Драйер всё ещё почти без сознания полулежал в санях. Ревентлов, конечно, ничего не понял из слов полицейского; но, судя по минам и жестам окружающих, сообразил, что дело принимает неблагоприятный для него и опасный оборот. Однако его взгляд был холоден и горд.
— Подумайте хорошенько, — сказал Евреинов, обращаясь к полицейскому, — ведь тот господин принадлежит к английскому посольству, а этот, как мне известно, — подданный его высочества великого князя, из его герцогства Голштинского.
Полицейский поколебался было — ходатайство Евреинова и приводимые им доводы, по-видимому, не остались без воздействия на него; но, с другой стороны, ввиду столь многих свидетелей происшествия, он не считал возможным выказать снисходительность, которая могла повлечь за собою роковые последствия для него. Он лишь пожал плечами и сказал Евреинову:
— Я не могу ничего поделать, пусть высшее начальство выскажет своё решение и сделает то, что считает законным... Садись в сани, — приказал он одному из своей команды, — и отвези раненого в дом английского посольства! Если там подтвердят тебе, что он принадлежит к посольству, ты выдашь его и узнаешь, как его фамилия.

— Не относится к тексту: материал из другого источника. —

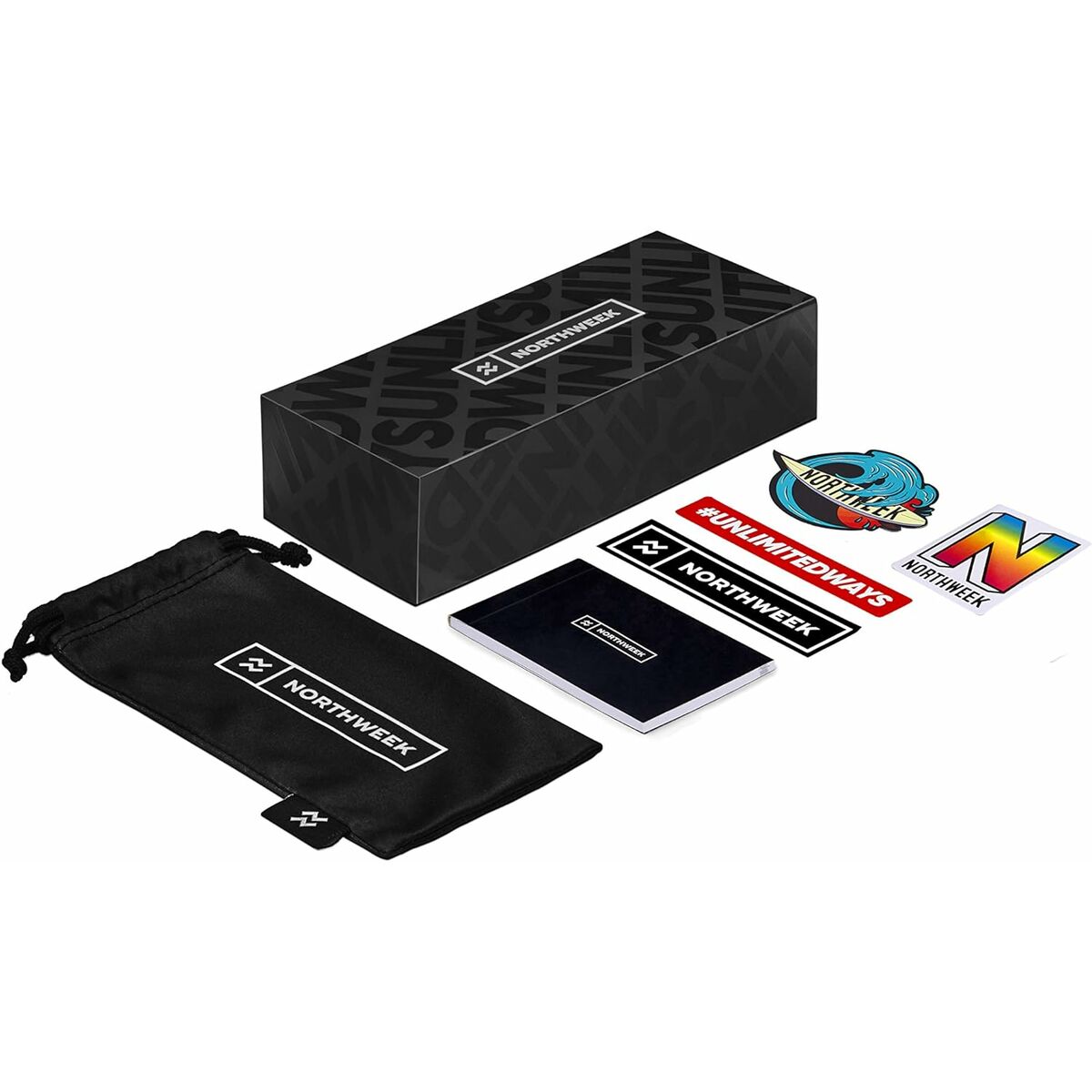 Occhiali da sole Unisex Northweek Gradiant Ø 47 mm Bianco Verde 5 S05118414_3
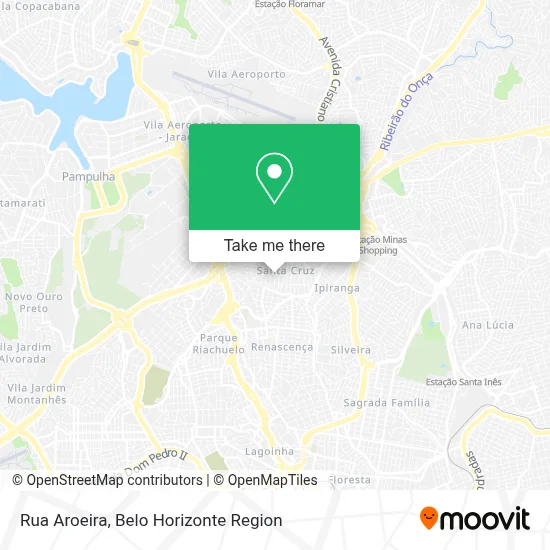 Rua Aroeira map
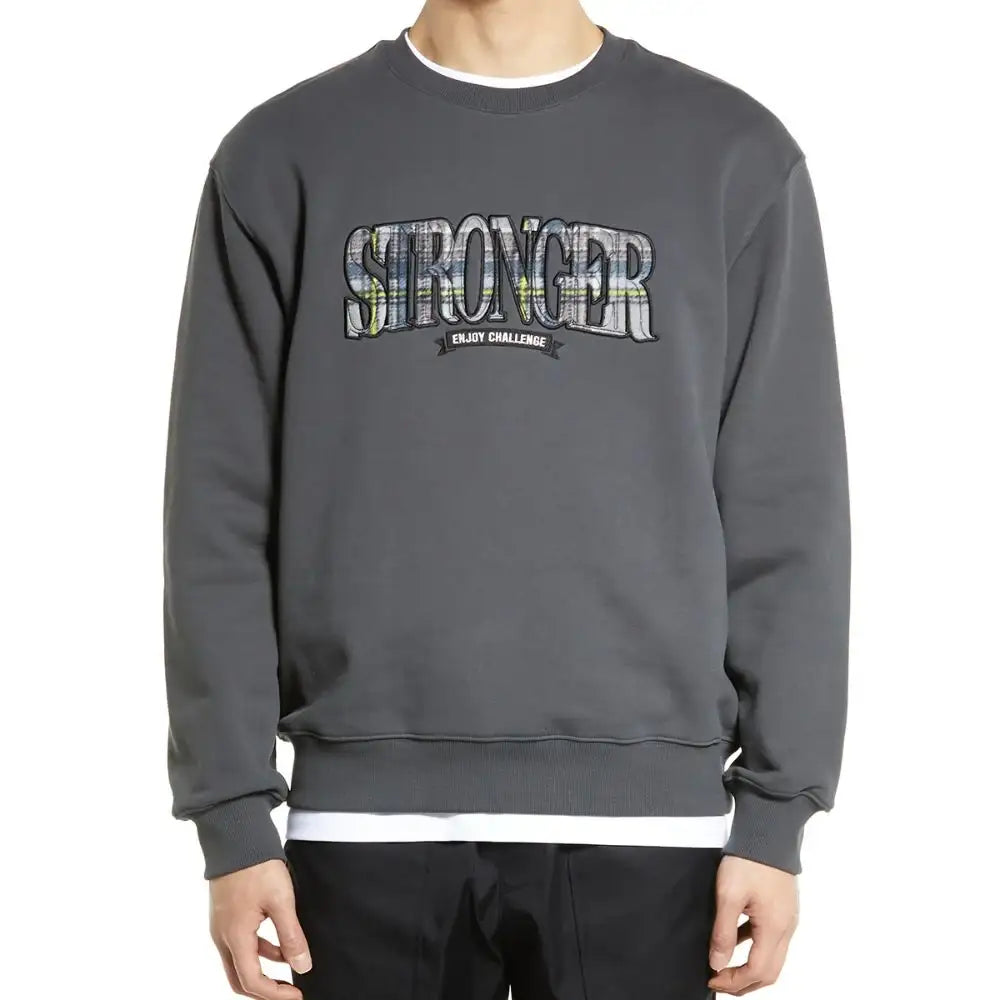 DRX - Check Applique Sweatshirt - DRX - Clothing - Harumio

Полицейский тотчас же вскочил в сани, и они стрелою понеслись по Невской першпективе. Затем начальник патруля остановил ещё одни сани, случайно проезжавшие мимо места происшествия, и приказал Ревентлову сесть в них.
— Нечего делать, вам придётся следовать за ним, — сказал Евреинов молодому дворянину по-немецки. — Вам не сделают ничего дурного; ведь одна ночь заключения быстро минует, а завтра же утром ваш друг может походатайствовать у великого князя об освобождении.
Ревентлов понял, что всякое сопротивление и дальнейшие препирательства бесполезны; кроме того, мороз давал себя знать, так что у него было единственное желание — как можно скорее попасть под кров. Он сел, начальник патруля поместился рядом с ним, и лёгкие сани покатились по берегу; затем они спустились на ледяную гладь реки и заскользили с удвоенной скоростью. Несколько минут спустя, при свете мерцающих звёзд, Ревентлов увидел мрачные стены. Они обогнули один из вдающихся в реку бастионов Петропавловской крепости, свернули на маленький канал и остановились перед боковыми воротами; полицейский сержант обменялся двумя-тремя словами с часовым, и ворота распахнулись перед ними.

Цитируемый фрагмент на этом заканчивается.